In the referenced message, coolidge@cs.uiuc.edu wrote:
}                                  Message-id's seem to be the most
}common thing to get mashed in transmission.

Uh, doesn't this seem a little unlikely to you?  Doesn't it seem more
likely that bits all over the articles are getting munged with equal
probability, but we tend to notice when it happens to Message-Id's
since that results in duplicate articles?  In fact, precisely this
realization is what led me to propose Checksum: -- if it's true, then
munging is *far* more common than previously thought.
---
Jef

      Jef Poskanzer  jef@well.sf.ca.us  {ucbvax, apple, hplabs}!well!jef
    "If you give me six lines written by the most honest man, I will find
           something in them to hang him." -- Cardinal de Richelieu

tneff@bfmny0.UU.NET (Tom Neff) (11/17/89)

In article <1989Nov16.191837.13850@vicom.com> lmb@vicom.COM (Larry Blair) writes:
>Who cares about the article body?  It is the headers that need to be protected,
>particularly the Message-ID.

I think this could officially be called the "News for its own sake"
position. :-)
-- 
"The country couldn't run without Prohibition.       ][  Tom Neff
 That is the industrial fact." -- Henry Ford, 1929   ][  tneff@bfmny0.UU.NET

coolidge@brutus.cs.uiuc.edu (John Coolidge) (11/17/89)

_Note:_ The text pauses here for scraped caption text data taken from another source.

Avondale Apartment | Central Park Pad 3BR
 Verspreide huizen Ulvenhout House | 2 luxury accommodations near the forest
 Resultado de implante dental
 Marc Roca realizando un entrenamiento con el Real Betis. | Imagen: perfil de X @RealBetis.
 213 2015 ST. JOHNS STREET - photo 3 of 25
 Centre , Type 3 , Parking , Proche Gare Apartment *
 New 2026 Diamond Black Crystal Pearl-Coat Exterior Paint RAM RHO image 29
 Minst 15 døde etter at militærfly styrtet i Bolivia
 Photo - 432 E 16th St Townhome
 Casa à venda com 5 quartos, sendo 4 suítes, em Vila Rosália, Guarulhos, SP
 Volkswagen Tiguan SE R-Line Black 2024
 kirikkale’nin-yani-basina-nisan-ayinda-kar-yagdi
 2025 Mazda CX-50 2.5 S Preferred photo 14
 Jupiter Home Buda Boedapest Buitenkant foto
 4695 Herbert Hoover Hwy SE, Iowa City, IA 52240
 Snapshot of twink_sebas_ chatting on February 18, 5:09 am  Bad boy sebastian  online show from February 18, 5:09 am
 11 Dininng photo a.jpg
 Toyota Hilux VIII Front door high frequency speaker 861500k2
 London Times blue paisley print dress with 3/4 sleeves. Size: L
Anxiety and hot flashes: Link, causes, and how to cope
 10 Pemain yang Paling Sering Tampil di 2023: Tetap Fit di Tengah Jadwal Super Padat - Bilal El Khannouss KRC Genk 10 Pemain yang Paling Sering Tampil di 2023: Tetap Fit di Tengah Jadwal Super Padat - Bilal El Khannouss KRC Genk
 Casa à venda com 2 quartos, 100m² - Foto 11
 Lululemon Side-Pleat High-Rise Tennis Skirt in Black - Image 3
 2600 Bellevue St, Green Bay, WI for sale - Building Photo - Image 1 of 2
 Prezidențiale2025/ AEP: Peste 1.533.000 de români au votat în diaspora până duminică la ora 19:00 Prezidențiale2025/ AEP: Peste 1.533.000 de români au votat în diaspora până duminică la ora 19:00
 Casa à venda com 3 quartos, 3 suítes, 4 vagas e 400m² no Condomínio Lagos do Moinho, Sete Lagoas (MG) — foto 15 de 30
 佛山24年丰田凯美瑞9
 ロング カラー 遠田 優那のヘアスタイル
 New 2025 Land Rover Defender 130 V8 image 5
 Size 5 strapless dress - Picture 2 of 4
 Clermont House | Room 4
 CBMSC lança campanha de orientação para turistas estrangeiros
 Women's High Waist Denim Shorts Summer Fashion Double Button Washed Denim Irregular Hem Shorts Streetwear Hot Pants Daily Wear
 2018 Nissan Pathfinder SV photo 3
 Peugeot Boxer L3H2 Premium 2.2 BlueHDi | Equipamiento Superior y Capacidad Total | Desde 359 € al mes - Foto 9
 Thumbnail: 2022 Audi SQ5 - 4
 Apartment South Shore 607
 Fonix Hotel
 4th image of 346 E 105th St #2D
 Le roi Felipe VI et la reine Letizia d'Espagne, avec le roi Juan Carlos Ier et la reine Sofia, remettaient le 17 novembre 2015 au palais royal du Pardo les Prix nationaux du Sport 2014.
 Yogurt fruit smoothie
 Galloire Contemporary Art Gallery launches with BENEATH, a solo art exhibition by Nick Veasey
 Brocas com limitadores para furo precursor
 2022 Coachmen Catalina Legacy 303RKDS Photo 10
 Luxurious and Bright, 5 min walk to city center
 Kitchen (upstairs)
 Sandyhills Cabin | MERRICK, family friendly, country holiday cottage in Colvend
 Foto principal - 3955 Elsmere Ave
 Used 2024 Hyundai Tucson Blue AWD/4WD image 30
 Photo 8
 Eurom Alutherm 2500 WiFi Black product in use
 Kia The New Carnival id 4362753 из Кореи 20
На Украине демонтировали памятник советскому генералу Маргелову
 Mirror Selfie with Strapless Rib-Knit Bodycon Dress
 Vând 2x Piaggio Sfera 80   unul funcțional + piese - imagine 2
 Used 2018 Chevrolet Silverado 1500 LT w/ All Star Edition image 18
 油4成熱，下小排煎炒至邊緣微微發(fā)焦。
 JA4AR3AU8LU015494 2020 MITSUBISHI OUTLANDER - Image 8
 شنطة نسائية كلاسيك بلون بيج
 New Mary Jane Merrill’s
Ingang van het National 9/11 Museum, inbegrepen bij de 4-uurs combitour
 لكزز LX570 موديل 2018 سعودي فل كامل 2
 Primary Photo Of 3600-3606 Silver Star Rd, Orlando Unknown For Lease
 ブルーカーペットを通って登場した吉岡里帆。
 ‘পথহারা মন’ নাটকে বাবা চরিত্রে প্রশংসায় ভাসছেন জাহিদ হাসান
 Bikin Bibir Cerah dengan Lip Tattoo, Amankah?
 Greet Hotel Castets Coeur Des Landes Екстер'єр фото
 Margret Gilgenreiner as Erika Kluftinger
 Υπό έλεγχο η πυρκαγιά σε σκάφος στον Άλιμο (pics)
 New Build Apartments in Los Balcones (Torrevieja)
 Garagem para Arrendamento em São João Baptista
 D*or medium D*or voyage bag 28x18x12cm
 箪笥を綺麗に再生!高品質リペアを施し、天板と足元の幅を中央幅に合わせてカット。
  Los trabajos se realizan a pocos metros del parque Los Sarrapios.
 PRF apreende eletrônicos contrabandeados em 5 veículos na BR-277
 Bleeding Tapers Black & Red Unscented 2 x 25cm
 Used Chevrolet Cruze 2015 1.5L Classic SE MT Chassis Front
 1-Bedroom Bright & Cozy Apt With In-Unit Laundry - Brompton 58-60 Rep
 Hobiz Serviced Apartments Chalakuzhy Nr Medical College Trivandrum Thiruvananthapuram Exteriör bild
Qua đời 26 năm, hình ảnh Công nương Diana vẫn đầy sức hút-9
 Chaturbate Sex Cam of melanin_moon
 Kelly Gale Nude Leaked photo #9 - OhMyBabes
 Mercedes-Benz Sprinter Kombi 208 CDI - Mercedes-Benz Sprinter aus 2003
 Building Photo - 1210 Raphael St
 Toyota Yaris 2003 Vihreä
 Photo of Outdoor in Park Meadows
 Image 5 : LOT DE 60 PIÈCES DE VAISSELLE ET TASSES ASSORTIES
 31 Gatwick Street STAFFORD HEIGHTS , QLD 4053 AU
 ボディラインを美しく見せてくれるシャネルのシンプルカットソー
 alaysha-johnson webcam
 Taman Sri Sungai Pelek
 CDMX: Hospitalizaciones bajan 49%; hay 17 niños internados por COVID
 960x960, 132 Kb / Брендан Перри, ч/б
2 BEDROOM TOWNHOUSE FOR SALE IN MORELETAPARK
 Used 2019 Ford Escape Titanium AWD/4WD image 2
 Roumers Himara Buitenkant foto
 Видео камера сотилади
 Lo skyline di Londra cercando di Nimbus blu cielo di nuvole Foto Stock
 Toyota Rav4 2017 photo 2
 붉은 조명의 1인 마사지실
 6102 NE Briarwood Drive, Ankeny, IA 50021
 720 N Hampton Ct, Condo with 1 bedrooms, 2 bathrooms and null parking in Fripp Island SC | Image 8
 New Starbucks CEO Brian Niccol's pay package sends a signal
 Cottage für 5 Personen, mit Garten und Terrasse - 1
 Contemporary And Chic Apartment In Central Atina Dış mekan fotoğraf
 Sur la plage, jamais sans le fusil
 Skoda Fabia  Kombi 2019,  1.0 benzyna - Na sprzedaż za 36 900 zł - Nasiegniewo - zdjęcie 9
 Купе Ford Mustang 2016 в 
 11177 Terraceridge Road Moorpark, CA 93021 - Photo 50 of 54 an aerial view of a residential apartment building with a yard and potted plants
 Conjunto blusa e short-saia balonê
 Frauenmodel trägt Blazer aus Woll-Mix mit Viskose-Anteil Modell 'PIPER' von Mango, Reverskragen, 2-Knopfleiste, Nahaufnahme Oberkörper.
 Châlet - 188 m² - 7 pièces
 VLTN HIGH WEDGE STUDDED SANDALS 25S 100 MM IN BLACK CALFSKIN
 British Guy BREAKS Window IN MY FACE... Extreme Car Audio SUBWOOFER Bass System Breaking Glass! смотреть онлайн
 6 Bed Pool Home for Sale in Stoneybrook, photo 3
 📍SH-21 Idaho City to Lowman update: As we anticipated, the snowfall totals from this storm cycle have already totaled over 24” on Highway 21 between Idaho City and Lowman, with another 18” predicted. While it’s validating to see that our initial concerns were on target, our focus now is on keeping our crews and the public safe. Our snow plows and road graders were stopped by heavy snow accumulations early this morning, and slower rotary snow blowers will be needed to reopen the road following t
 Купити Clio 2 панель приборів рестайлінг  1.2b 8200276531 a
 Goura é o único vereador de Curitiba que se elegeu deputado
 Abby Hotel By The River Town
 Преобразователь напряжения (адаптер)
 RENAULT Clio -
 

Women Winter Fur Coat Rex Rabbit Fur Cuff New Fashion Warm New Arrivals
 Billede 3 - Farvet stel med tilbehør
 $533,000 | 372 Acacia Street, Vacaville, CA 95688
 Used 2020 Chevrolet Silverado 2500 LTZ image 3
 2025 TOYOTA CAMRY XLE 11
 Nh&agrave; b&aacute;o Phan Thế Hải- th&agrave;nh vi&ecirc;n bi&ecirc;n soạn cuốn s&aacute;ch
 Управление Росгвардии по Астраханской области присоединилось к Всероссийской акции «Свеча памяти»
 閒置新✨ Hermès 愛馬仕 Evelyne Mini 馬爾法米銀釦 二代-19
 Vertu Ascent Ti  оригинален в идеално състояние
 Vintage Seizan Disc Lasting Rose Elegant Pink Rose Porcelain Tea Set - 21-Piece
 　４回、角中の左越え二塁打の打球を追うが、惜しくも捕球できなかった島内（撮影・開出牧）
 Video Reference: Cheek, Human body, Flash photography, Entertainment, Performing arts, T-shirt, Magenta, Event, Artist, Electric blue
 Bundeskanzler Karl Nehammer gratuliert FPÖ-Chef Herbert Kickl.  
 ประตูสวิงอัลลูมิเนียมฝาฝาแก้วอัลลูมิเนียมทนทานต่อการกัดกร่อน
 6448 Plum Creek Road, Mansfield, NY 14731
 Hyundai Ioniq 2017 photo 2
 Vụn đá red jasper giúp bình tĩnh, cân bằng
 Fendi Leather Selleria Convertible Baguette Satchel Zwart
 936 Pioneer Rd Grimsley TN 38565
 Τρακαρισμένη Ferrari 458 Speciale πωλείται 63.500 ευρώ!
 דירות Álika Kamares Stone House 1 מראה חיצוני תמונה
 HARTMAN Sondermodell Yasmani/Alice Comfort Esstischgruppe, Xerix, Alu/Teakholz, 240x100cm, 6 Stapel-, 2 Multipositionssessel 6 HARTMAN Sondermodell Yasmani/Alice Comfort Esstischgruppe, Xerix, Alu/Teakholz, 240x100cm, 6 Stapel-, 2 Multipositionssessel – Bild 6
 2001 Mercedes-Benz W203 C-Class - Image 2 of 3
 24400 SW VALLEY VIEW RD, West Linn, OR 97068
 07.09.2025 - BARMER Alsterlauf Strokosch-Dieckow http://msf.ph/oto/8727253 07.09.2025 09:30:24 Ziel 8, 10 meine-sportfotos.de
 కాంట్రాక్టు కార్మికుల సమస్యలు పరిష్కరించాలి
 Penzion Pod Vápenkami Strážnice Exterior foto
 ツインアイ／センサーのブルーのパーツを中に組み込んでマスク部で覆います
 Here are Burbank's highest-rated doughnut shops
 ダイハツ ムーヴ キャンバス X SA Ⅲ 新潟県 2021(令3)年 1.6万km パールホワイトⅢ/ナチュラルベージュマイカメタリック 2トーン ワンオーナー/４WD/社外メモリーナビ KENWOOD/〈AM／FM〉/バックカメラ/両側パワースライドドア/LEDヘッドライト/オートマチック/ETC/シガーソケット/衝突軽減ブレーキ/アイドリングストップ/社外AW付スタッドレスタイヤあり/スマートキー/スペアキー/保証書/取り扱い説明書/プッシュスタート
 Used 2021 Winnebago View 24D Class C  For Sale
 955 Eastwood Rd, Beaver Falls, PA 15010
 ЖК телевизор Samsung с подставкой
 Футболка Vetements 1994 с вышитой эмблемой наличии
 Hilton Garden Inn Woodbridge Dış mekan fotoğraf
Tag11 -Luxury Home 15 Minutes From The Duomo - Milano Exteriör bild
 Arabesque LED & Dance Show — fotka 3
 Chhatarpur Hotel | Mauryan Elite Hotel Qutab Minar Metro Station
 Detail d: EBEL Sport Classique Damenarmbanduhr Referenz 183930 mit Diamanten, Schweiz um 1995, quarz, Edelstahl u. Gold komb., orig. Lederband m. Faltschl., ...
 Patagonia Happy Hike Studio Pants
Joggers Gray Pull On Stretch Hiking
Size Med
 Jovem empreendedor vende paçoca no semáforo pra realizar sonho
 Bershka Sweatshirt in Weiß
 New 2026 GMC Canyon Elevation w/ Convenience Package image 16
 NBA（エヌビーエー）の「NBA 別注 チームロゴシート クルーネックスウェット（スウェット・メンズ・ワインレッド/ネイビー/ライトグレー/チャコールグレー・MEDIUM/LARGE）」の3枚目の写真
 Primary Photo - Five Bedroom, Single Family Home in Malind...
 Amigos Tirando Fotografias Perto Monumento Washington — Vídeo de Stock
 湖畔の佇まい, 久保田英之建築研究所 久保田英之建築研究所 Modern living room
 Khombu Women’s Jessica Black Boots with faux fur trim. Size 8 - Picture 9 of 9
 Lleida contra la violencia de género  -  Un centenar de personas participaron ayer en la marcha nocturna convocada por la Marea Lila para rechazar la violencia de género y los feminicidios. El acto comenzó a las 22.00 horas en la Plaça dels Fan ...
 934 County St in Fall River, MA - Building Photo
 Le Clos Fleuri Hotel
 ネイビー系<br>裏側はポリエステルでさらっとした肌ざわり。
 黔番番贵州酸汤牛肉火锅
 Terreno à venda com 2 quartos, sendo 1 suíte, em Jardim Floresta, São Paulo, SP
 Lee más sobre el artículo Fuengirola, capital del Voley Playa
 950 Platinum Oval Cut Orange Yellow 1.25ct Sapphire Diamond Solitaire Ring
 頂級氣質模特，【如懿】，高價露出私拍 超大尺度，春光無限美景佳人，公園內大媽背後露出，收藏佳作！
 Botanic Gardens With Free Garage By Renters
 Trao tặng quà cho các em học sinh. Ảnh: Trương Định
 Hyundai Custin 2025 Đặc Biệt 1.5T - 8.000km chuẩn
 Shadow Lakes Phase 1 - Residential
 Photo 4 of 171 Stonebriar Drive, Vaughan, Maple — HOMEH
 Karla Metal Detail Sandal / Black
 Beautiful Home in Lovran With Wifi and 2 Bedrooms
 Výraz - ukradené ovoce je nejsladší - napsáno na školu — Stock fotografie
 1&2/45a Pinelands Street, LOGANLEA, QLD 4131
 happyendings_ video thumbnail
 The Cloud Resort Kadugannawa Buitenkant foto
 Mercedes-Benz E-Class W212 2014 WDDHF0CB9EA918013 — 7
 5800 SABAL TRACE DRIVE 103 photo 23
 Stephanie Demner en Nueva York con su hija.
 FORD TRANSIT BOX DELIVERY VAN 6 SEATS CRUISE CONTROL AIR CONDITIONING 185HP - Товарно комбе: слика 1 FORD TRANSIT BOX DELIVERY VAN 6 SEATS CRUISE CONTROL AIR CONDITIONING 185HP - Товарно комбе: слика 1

jef@well.UUCP (Jef Poskanzer) writes:

>In the referenced message, coolidge@cs.uiuc.edu wrote:
>}                                  Message-id's seem to be the most
>}common thing to get mashed in transmission.

>Uh, doesn't this seem a little unlikely to you?  Doesn't it seem more
>likely that bits all over the articles are getting munged with equal
>probability, but we tend to notice when it happens to Message-Id's
>since that results in duplicate articles?

Hmm. I've seen plenty of articles with munged Message-id's, and
many of those had munged text too. I don't remember ever seeing
an article with munged text in which the Message-id _wasn't_
munged, though. This is probably because, if the text gets mashed
but the Message-id doesn't, then downstream feeds don't take the
mashed copy but only the good one (all of the duplicate, mashed
Message-id postings I've seen seem to have been sent twice by the
originating site...).

This might imply that checksumming Message-id, while not sufficient
to stop all body-munging, will have the effect of stopping lots of
it by halting propagation. In any case, checksumming all possible
header fields and the entire text is the right thing to do anyway.

--John

--------------------------------------------------------------------------
John L. Coolidge     Internet:coolidge@cs.uiuc.edu   UUCP:uiucdcs!coolidge
Of course I don't speak for the U of I (or anyone else except myself)
Copyright 1989 John L. Coolidge. Copying allowed if (and only if) attributed.
You may redistribute this article if and only if your recipients may as well.
New NNTP connections always available! Send mail if you're interested.

coolidge@brutus.cs.uiuc.edu (John Coolidge) (11/17/89)

tneff@bfmny0.UU.NET (Tom Neff) writes:

>Exempting specific header fields (Path, Xref) from checksumming is an
>acceptable alternative to checksumming just the body, provided you don't
>mind enthroning a specific set of headers in the RFC (this proposal
>needs one, by the way).

What really needs to be done is to integrate the Checksum: feature
and all of the bugs in the RFC's that have come to light in this
group over the last few months and make up an all-new Standards for
Transmission of Usenet News RFC. Limit specifically the ability of
header-mungers to work their evil voodoo, fix implementation-specific
RFC bogosities, that sort of thing.

>It seems worthwhile to log corrupted articles carefully including path
>information, so that suspect links can be investigated.  The info could
>be collected periodically a la Arbitron and collated centrally for
>announcement on a new cable TV show, "Usenet's Most Wanted" :-)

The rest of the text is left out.